I found a few more, but these give an idea of the art they create. Anyone else outhat there on TPF actually do this?


----------



## astroNikon (Jan 30, 2017)

that 2nd one has been floating around facebook for a while.
Pretty neat considering the detail.
One that I saw showed a hood like it would look like after a lost of dust buildup and then a light rain sprinkle.  Some great detail in those setups.


----------



## smoke665 (Jan 30, 2017)

astroNikon said:


> Pretty neat considering the detail



Interesting comments by the artist in the second one:
1. Lower resolution cameras are better. The theory being there is less detail captured that could lead to detection.
2. Every detail has to be considered from the proportion of everything from door knobs to shingles, to as you mention the careful application of dust.

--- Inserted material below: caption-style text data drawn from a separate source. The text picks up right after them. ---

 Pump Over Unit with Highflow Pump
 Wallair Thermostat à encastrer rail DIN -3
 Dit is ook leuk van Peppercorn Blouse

The first one, I was surprised that the artists rarely "duplicated exactly" the scenes they depicted, but were an artistic vision designed to imply to the viewer the location. Spooky how well they do it?


----------



## astroNikon (Jan 30, 2017)

Yes, the smaller the sensor the better too for maximum depth of field.
I bought a P7800 last year for a project in which I needed maximum DOF thus a small sensor was needed versus a APS-C or larger.   The image quality was more graininess-like which was perfect.  But definitely not highly detailed like an APS-C.


----------



## limr (Jan 30, 2017)

There's a documentary short on those Elgin Park miniatures. Quite fascinating, really.

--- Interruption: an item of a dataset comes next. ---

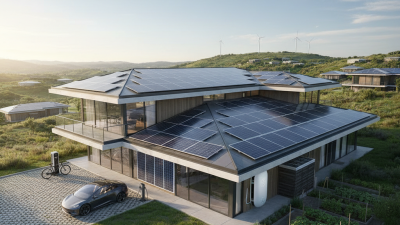 2026 Best Solar Power Home System for Sustainable Living?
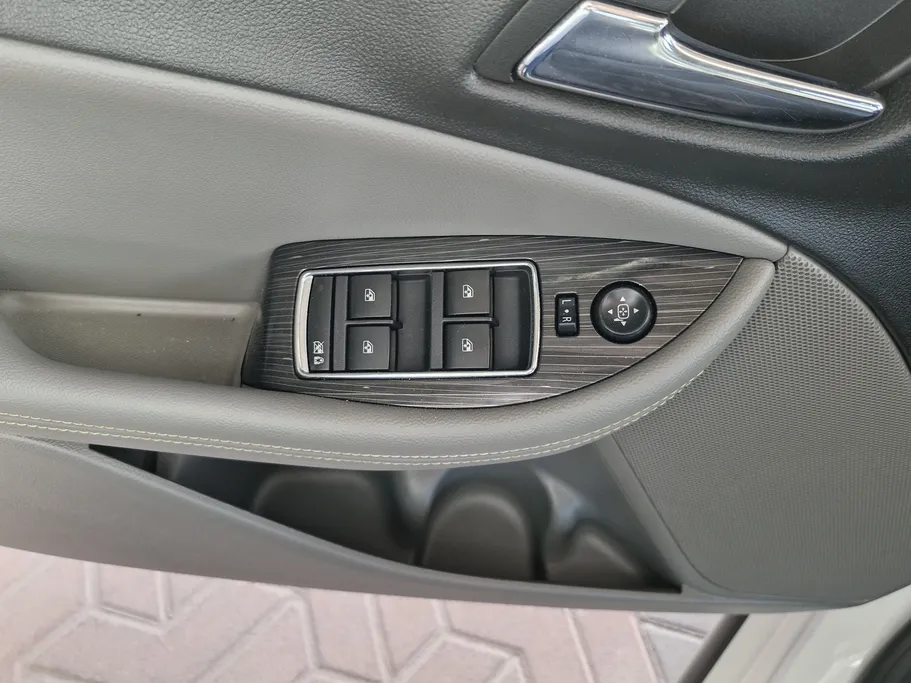 شفروليه امبالا LS 2018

Elgin Park by Danny Yourd | Documentary Short Film


----------



## smoke665 (Jan 30, 2017)

@limr I watched it a few days ago. Fascinating indeed.


----------



## jcdeboever (Jan 30, 2017)

Very cool. I prefer the second link. Thanks for sharing.


----------



## table1349 (Jan 30, 2017)

I believe it was the Science Channel show How It's Made that had an episode showing how such miniature scenes were created and photographed.  Both of the links by previous posters are much more interesting and realistic, but it was informative to show how the whole process was done.


----------



## smoke665 (Jan 30, 2017)

@gryphonslair99 I'm always amazed at the creativity of those who can make something beautiful out of the ordinary. In the first they told how they would "age" the cardboard to make it resemble buildings. Seriously, they might teach basic techniques, but the ability to visualize and implement is something you're born with!


----------



## table1349 (Jan 30, 2017)

smoke665 said:


> @gryphonslair99 I'm always amazed at the creativity of those who can make something beautiful out of the ordinary. In the first they told how they would "age" the cardboard to make it resemble buildings. Seriously, they might teach basic techniques, but the ability to visualize and implement is something you're born with!

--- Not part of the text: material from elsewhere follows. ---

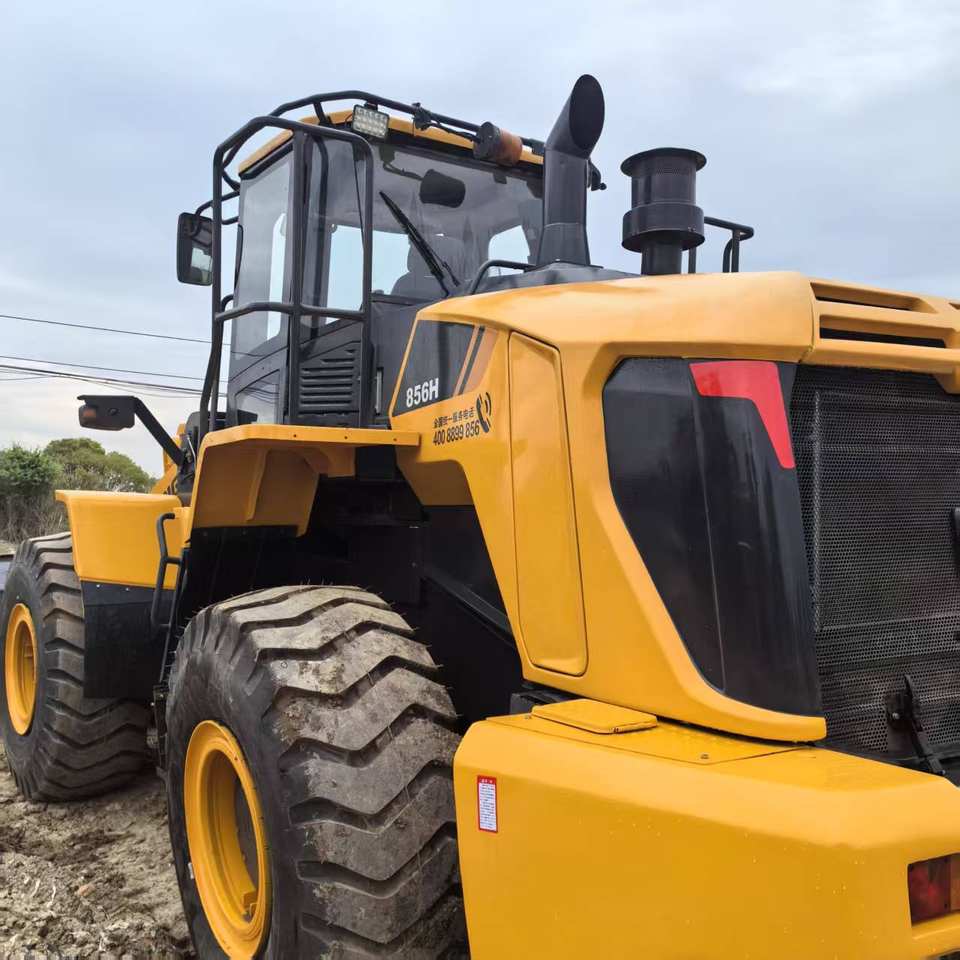 Used LiuGong 856H Wheel Loader for Sale.| Alibaba.com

What amazed me was some of the materials used to create the miniature.  Things I would never think of to use for a totally different purpose.   I finally found it, it was Season 24, Episode 1. Saunas, Wheelchair Lifts, and Dioramas.


----------



## smoke665 (Jan 30, 2017)

gryphonslair99 said:


> I finally found it, it was Season 24, Episode 1



Thanks for sharing, just watched it. I was surprised that they used an 8x10 film camera to photograph the final result, that's contrary to the others.


----------